Maire / (Il le lui prend des mains) Mon stylo fétiche ! Celui que j'ai depuis ma première élection. C'est un cadeau de ma mère. Elle était si fière, ma mère. Jean Hubert Poule ! Maire de Chamfignac ! Ce stylo, je l’ai toujours sur moi. Sans lui, je suis comme Zorro sans son épée, un gendarme sans sa matraque, ou une femme sans aspirateur. Sans mon stylo, je suis foutu.
1er adjoint / Surtout aujourd'hui.
Maire / Et comment ! Aujourd'hui, les Chamfignaquais vont enfin comprendre qu'ils n'ont pas élu un maire pour inaugurer des pissotières. Fini les projets à deux balles, un pot d’fleurs par ci, un banc public par là. Aujourd'hui, Chamfignac va entrer dans l'histoire.
1er adjoint / Et en plus, ça ne va pas plaire à Chamfignotte.
Maire / Chamfignotte ? Cette verrue ! S’il n’y avait que moi, je rattacherais Chamfignotte à Chamfignac. J’appellerai ça.. Chamfignognac !
1er adjoint / Et vous seriez le maire de Chamfignognac !
Maire / Naturellement. Cent cinquante habitants à Chamfignac, contre cent quarante quatre sous-développés à Chamfignotte. A ce niveau là, faut une tête, et à part la mienne, j’en vois pas d'autre.

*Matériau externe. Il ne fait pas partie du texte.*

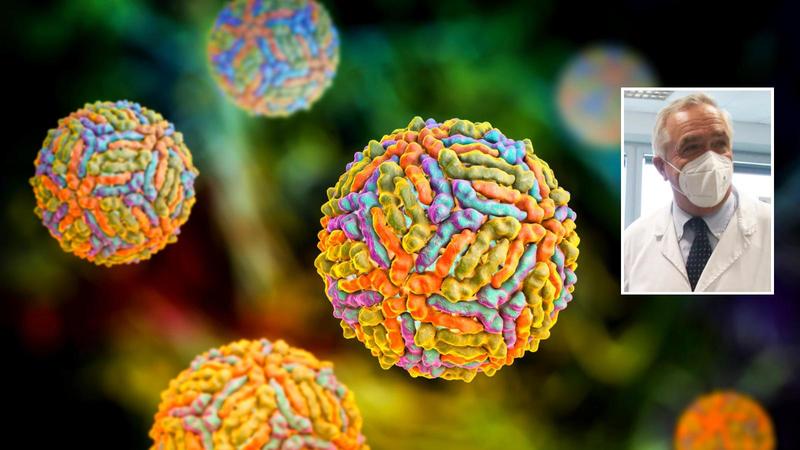 Incubo West Nile, l’esperto: il virus è endemico, negli anziani mortalità vicina al 10 per cento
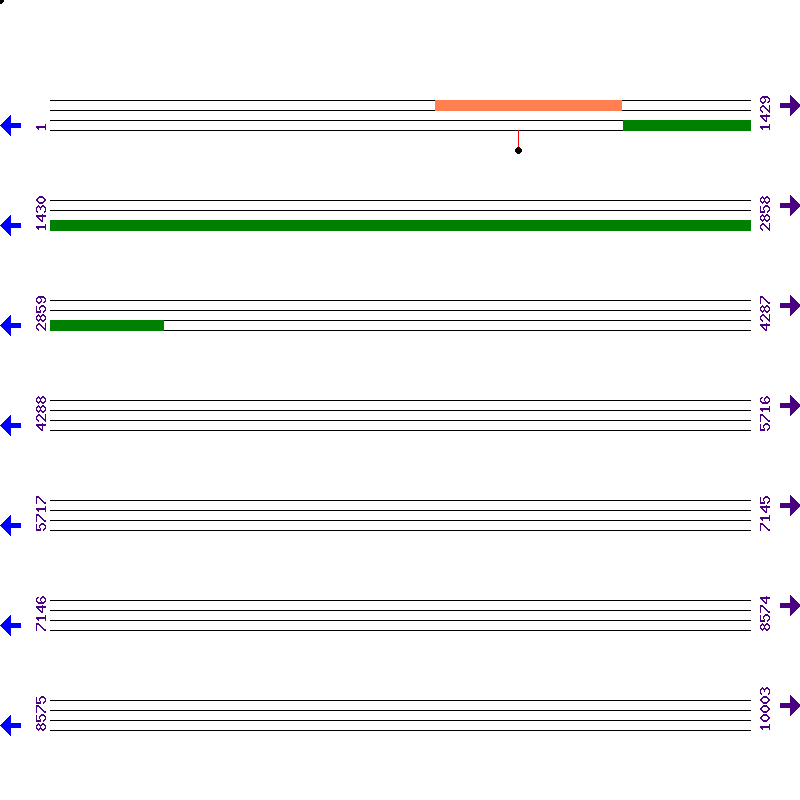 Genome View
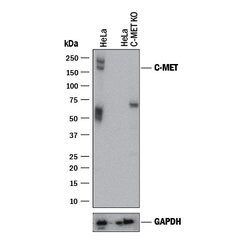 Human HGFR/c-MET Antibody, R D Systems 25&mu;g; Unlabeled:Antibodies, Polyclonal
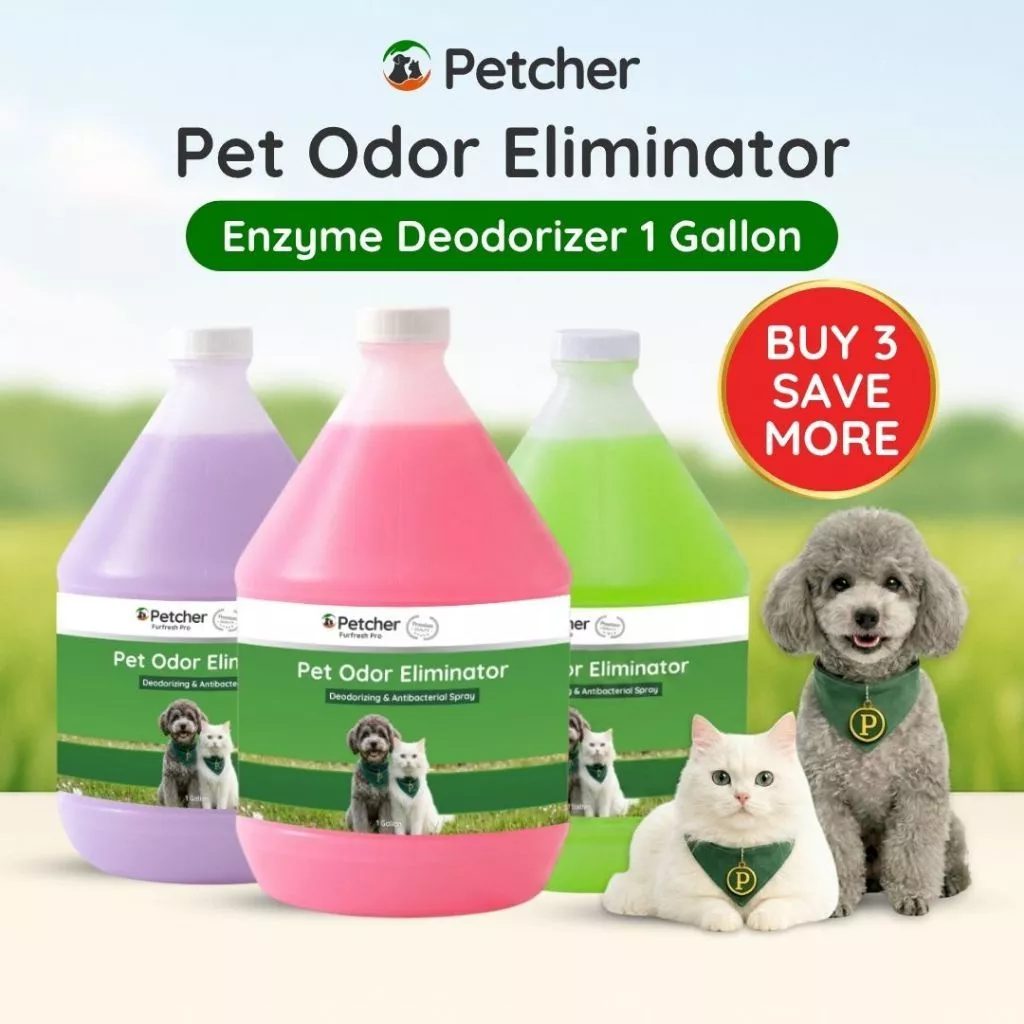 52% OFF Petcher Pet Enzyme Deodorizer 1 Gallon Bundle | Pet Poop and Pee Odor Eliminator and Surface Cleaner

1er adjoint / Oh ben ça c’est vrai.
Scène 2 : Maire / 1er adjoint / Secrétaire / Aldo Latoune / Donato
La secrétaire entre
Secrétaire / Monsieur le maire, monsieur Latoune est arrivé.

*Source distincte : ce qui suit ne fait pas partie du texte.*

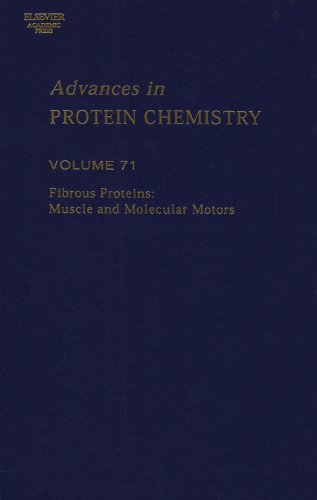 9780120342716: Fibrous Proteins: Muscle and Molecular Motors (Volume 71) (Advances in Protein Chemistry, Volume 71)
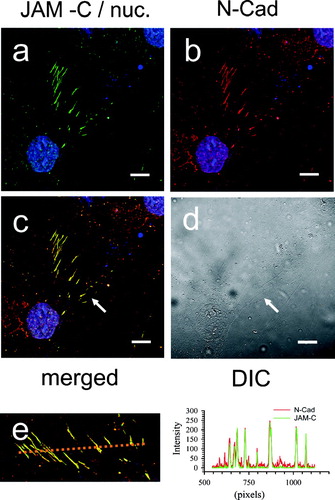 Figure 11 Co-localization of JAM-C with N-Cadherin in adherent human dermal fibroblast cultures. Fibroblasts were fixed, blocked, and then stained for both JAM-C (green) and N-Cadherin (red) using rabbit polyclonal anti-JAM-C antibodies and mouse monoclonal anti-N-Cadherin. Nuclei are blue in all panels. A, JAM-C staining (green). B, N-Cadherin staining (red). C, merged images from panels A and B. (→) Yellow indicates areas of JAM-C/N-Cadherin co-localization. D, corresponding DIC image. E, a line scan bisecting the cell zipper junction of panel C was used to construct a JAM-C (green) and N-Cadherin (red) intensity histogram. Images were analyzed using Zeiss LSM Image Examiner ™ software. All panels were collected and displayed utilizing identical signal detection/gain settings. Scale bars, 10 μm.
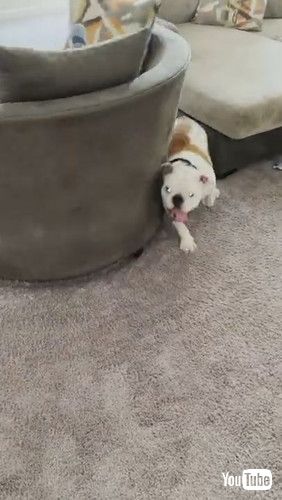 「Bulldog Spinning Nephew in Chair || ViralHog」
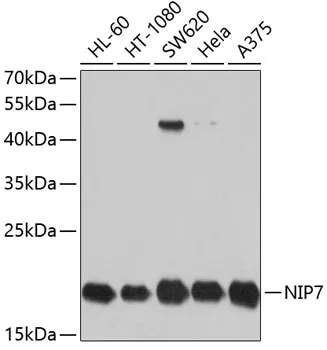 NIP7 Rabbit Polyclonal Antibody - image 1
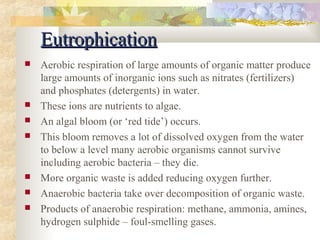 EEuuttrroopphhiiccaattiioonn 
 Aerobic respiration of large amounts of organic matter produce 
large amounts of inorganic ions such as nitrates (fertilizers) 
and phosphates (detergents) in water. 
 These ions are nutrients to algae. 
 An algal bloom (or ‘red tide’) occurs. 
 This bloom removes a lot of dissolved oxygen from the water 
to below a level many aerobic organisms cannot survive 
including aerobic bacteria – they die. 
 More organic waste is added reducing oxygen further. 
 Anaerobic bacteria take over decomposition of organic waste. 
 Products of anaerobic respiration: methane, ammonia, amines, 
hydrogen sulphide – foul-smelling gases. 
 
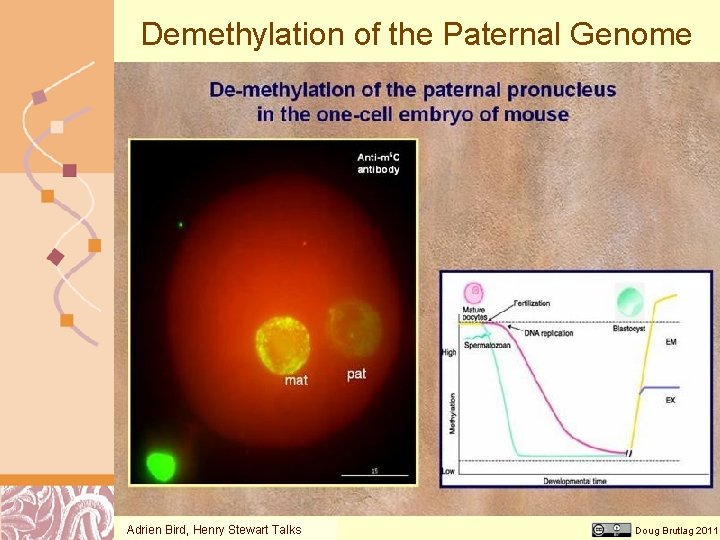 Demethylation of the Paternal Genome Adrien Bird, Henry Stewart Talks Doug Brutlag 2011 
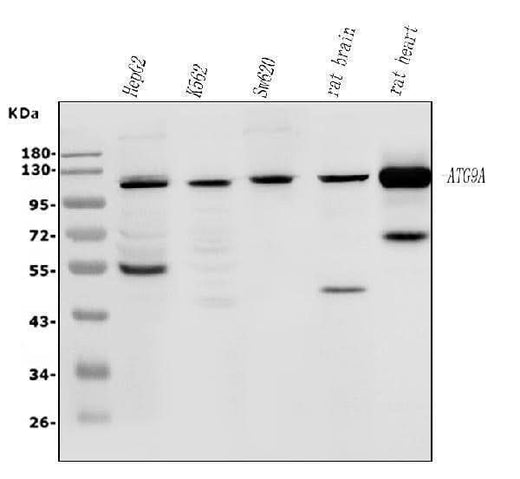 Anti-ATG9A Antibody Picoband® Boster Bio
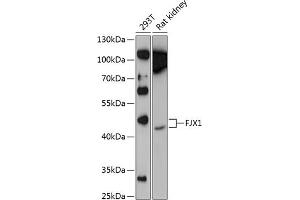 Western blot analysis of extracts of various cell lines, using FJX1 Antibody (ABIN6132035, ABIN6140644, ABIN6140645 and ABIN6224952) at 1:1000 dilution. (FJX1 抗体  (AA 138-437))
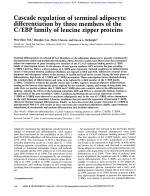 Cascade regulation of terminal adipocyte differentiation by three members of the C/EBP family of leucine zipper proteins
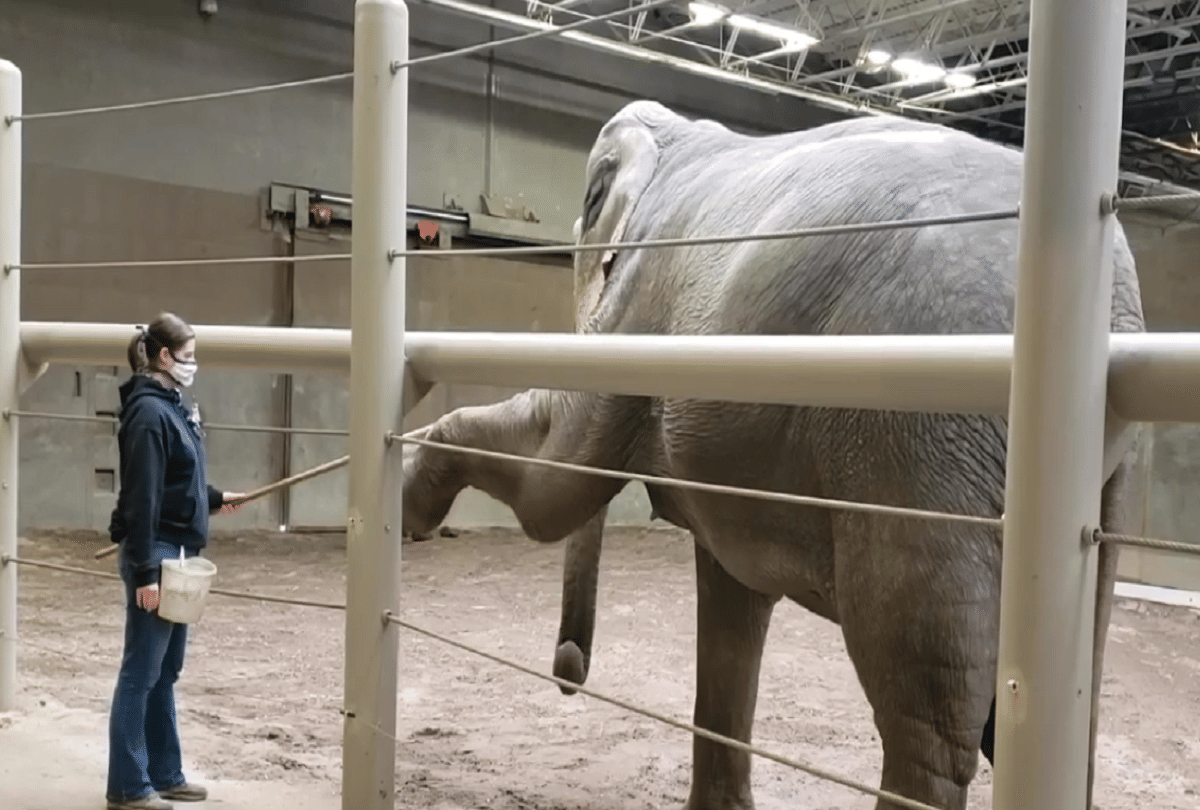 omg elephant doing yoga in columbus zoo video goes viral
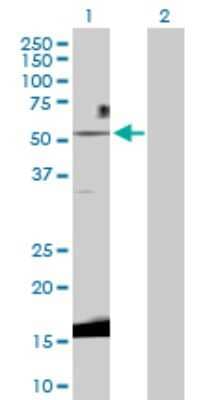 Western Blot: Wnt3 Antibody [H00007473-D01P] - Analysis of WNT3 expression in transfected 293T cell line by WNT3 polyclonal antibody.Lane 1: WNT3 transfected lysate(39.60 KDa).Lane 2: Non-transfected lysate.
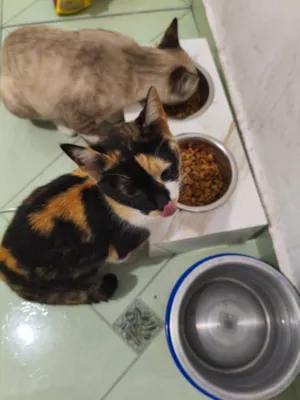 Gato raça SRD-ViraLata idade 2 a 6 meses nome Falar com Margarida - Whats 11 99715-8561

Maire / Faîtes entrer, mademoiselle Mafouine. Faîtes entrer ! (La secrétaire sort) Mon petit Débourre, vous allez voir comment on dirige un village. Ouvrez les yeux, déployez vos oreilles, et admirez l'artiste !
Latoune entre, escorté de son garde du corps, Donato, lequel se met aussitôt en faction devant la porte, prêt à bondir.
Maire / Cher ami ! Quelle joie de vous voir ici ! Vous avez fait bon voyage ? (Ils se saluent)
A Latoune / Pardonnez-moi pour le retard, je me suis trompé. A un moment, je me suis retrouvé sur un chemin de campagne.
Maire / Ce n’est pas un chemin, c’est la route principale. (En invitant Latoune à s’asseoir) Permettez que je vous présente mon premier adjoint, Alban Débourre.
A Latoune / Monsieur, c’est un honneur.
1er adjoint / Oh non. C'est trop.
A Latoune / Non. C'est un honneur pour vous. Quand on me rencontre, on s'en rappelle..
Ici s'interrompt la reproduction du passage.